International information
- National side: Oman (2009–present);
- ODI debut (cap 21): 19 September 2021 v Nepal
- Last ODI: 27 May 2025 v United States
- T20I debut (cap 16): 26 November 2009 v Kuwait
- Last T20I: 14 February 2026 v Ireland

Career statistics
| Competition | ODI | T20I |
| Matches | 8 | 25 |
| Runs scored | 107 | 174 |
| Batting average | 17.83 | 13.38 |
| 100s/50s | 0/1 | 0/0 |
| Top score | 72 | 37 |
| Balls bowled | 209 | 423 |
| Wickets | 6 | 24 |
| Bowling average | 24.50 | 24.20 |
| 5 wickets in innings | – | 0 |
| 10 wickets in match | – | 0 |
| Best bowling | 3/58 | 3/26 |
| Catches/stumpings | 0/– | 9/– |
- Source: Cricinfo, 19 May 2026

= Sufyan Mehmood =

Omani cricketer (born 1991)

Sufyan Mehmood (سفيان محمود; born 21 October 1991) is an Omani cricketer who plays for the Oman national cricket team. He is one of the few Omani citizens to play cricket for Oman.

==Early life and education==
Born into an academically oriented family, Mehmood chose to pursue cricket over a traditional career path, declining an offer to study business administration at Loughborough University in the United Kingdom. He instead balanced his education at a local university with his cricket ambitions. His family, though initially hesitant, later supported his decision.

Mehmood's domestic career is intertwined with Oman's corporate cricket structure, where companies sponsor teams in the premier division. After a brief period working outside of cricket, he was hired by Enhance, playing for their team while working in the human resources department. He later moved to Renaissance Services, where he leads their corporate cricket team.

==Career==
Mehmood represented Oman at the Under-15 and Under-17 levels before making his senior team debut in 2009. He played in the 2014 ICC World Cricket League Division Four tournament. He made his Twenty20 International debut against Hong Kong on 26 November 2015. He made his List A debut for Oman in their three-match series against the United Arab Emirates in October 2016.

In August 2018, he was named in Oman's squad for the 2018 Asia Cup Qualifier tournament. In October 2018, he was named in Oman's squad for the 2018 ICC World Cricket League Division Three tournament. In March 2019, he was named in Oman's team for the 2019 ICC World Cricket League Division Two tournament in Namibia. In September 2019, he was named in Oman's squad for the 2019 ICC T20 World Cup Qualifier tournament.

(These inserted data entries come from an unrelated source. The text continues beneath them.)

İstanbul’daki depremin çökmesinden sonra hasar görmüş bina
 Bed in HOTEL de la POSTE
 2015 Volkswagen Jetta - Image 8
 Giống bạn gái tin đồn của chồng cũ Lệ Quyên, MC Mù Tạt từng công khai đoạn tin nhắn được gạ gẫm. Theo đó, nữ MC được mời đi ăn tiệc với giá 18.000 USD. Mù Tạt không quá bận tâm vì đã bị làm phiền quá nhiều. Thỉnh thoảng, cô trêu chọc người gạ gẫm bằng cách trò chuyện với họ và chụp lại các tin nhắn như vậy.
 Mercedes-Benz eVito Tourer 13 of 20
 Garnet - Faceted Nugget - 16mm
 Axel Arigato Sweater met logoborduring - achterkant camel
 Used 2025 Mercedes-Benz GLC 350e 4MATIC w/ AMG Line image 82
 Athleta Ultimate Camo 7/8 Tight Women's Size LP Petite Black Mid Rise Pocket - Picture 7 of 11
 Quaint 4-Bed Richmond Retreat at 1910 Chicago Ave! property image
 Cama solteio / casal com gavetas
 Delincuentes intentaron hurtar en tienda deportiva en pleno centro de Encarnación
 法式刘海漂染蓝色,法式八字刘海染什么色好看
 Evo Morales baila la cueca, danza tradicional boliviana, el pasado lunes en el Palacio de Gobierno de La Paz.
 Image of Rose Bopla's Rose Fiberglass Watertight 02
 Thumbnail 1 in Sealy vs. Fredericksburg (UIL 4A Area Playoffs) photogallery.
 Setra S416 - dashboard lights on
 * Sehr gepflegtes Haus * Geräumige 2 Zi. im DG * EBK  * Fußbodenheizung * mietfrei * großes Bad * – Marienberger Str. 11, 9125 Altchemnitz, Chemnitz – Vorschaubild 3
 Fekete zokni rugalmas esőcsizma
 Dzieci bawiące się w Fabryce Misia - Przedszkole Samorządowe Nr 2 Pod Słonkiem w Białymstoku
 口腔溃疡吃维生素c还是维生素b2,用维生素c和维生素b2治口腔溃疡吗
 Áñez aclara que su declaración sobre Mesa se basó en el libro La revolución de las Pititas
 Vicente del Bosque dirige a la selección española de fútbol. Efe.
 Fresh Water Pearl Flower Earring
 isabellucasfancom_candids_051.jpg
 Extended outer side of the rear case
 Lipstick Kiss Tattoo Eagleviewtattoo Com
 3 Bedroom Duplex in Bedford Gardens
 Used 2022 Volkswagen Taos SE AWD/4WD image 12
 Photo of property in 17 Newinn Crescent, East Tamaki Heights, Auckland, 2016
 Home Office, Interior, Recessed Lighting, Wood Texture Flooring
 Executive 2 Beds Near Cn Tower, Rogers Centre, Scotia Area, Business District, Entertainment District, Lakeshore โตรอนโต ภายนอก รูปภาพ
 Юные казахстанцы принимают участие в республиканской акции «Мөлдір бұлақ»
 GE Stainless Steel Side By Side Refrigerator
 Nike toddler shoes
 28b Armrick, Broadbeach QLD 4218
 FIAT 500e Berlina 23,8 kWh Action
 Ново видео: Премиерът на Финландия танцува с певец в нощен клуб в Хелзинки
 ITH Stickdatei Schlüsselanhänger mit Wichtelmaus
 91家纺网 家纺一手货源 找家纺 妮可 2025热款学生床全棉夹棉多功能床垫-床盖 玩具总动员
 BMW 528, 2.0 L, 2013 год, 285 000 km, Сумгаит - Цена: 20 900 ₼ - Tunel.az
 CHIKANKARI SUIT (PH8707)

In September 2021, he was named in Oman's One Day International (ODI) squad for round six and round seven of the 2019–2023 ICC Cricket World Cup League 2. He made his ODI debut on 19 September 2021, for Oman against Nepal. He was also named in Oman's squad for the 2021 ICC Men's T20 World Cup.

In 2023, his career was briefly stalled by a meniscus tear. After consulting with specialists, he pursued a non-surgical recovery path focused on strengthening and rehabilitation, which allowed him to return to playing.

In May 2024, he was named as a reserve player in Oman's squad for the 2024 ICC Men's T20 World Cup tournament.